What to work on:
The task calls for an exact retyping of the lines from the one holding "Без % Оренда" through the end of the listing, with pictures omitted and nothing added.

Input data:

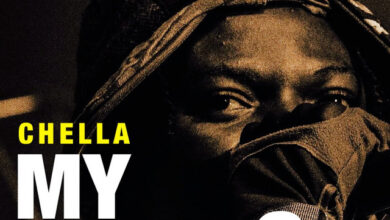 Chella - My Darling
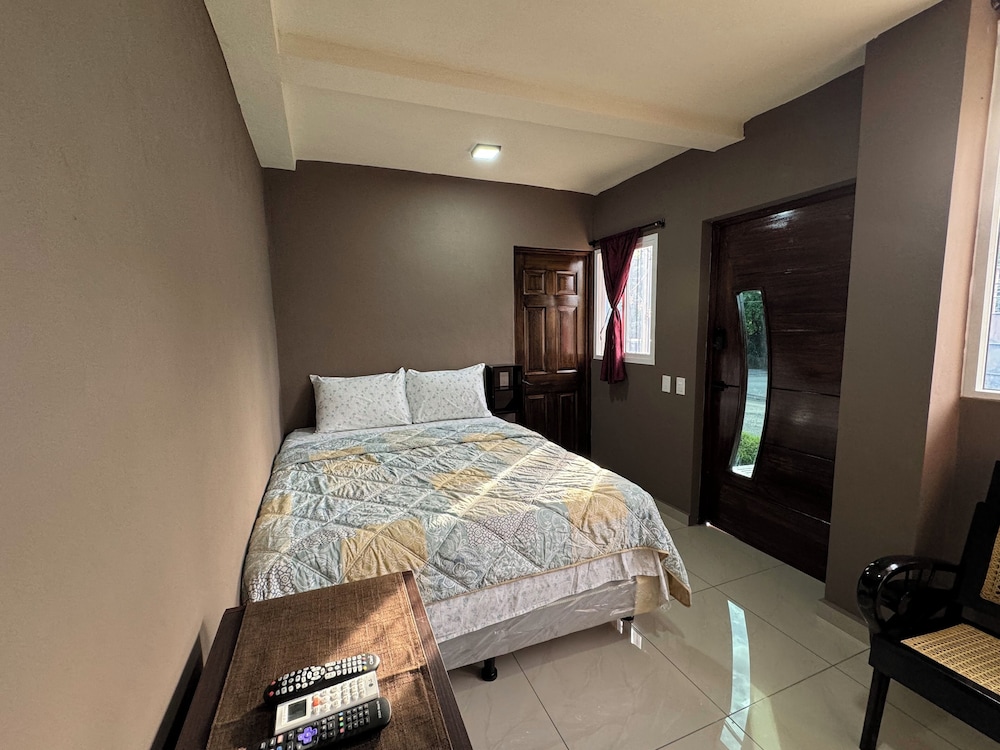El Mangal B&B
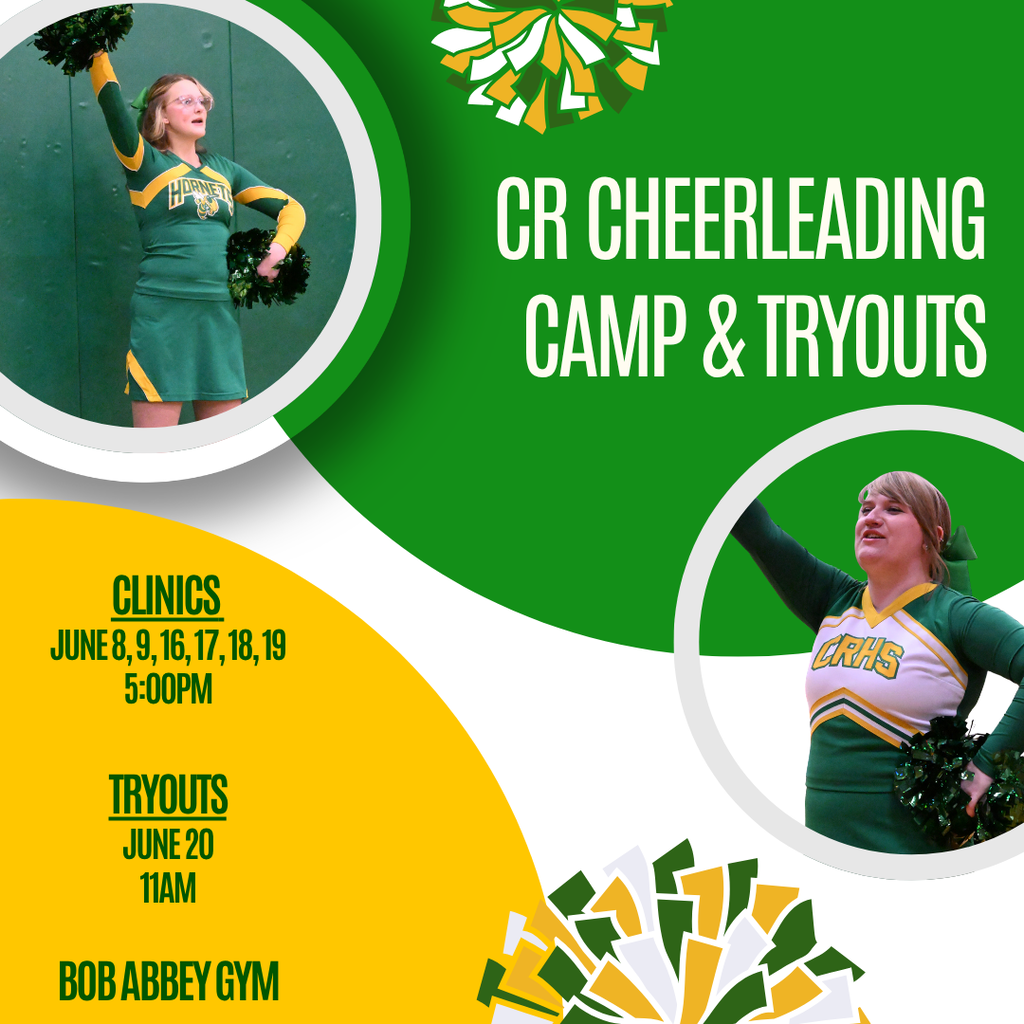 cheer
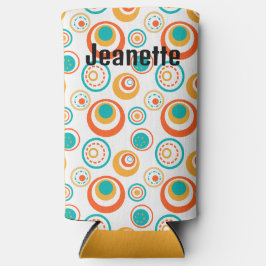 Enfriador De Latas Slim MCM Jawbreakers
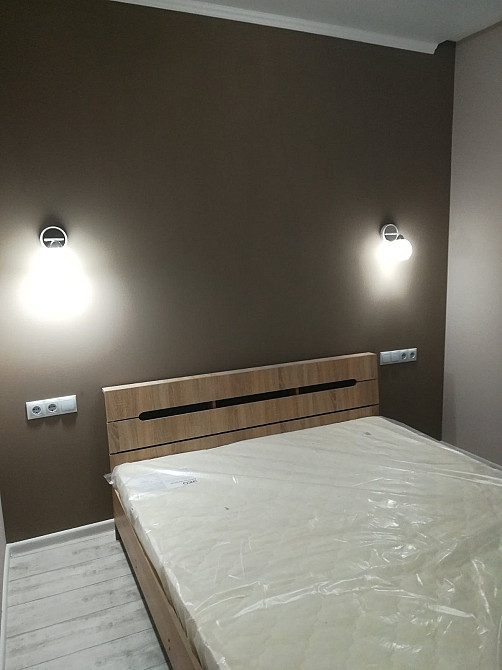 Без % Оренда 3кім. квартири біля метро, Дарницький район, Східна Брама Киев - изображение 1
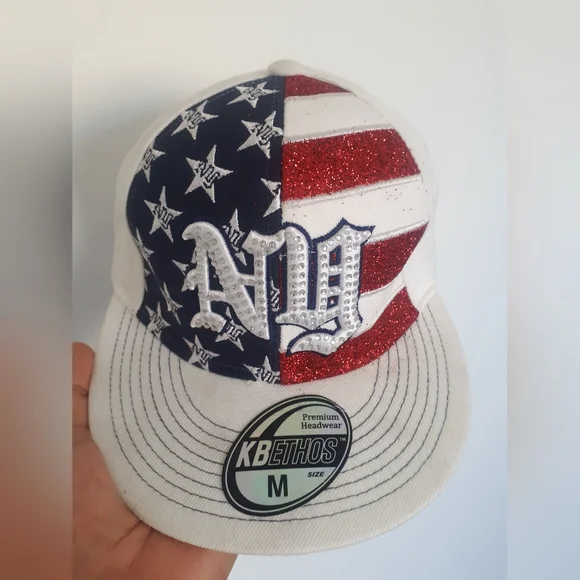 Kbethos hat - Picture 1 of 4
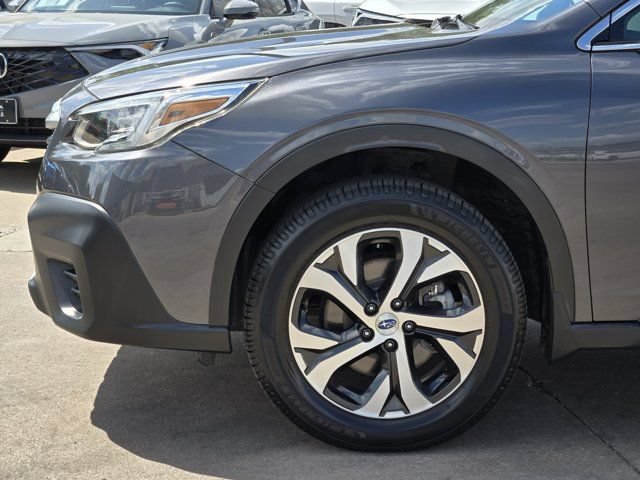 Used 2021 Subaru Outback Touring AWD/4WD image 10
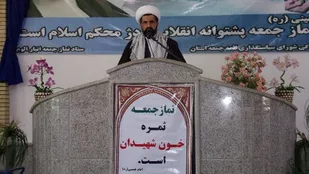 "حرکت سپاه در اتفاق اخیر، سیلی بزرگی به آمریکا بود"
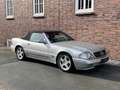 Mercedes-Benz SL 320 *** geringe Laufleistung Silber - thumbnail 1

Answer section:
 Без % Оренда 3кім. квартири біля метро, Дарницький район, Східна Брама Киев - изображение 1
 Kbethos hat - Picture 1 of 4
 Used 2021 Subaru Outback Touring AWD/4WD image 10
 "حرکت سپاه در اتفاق اخیر، سیلی بزرگی به آمریکا بود"
 Mercedes-Benz SL 320 *** geringe Laufleistung Silber - thumbnail 1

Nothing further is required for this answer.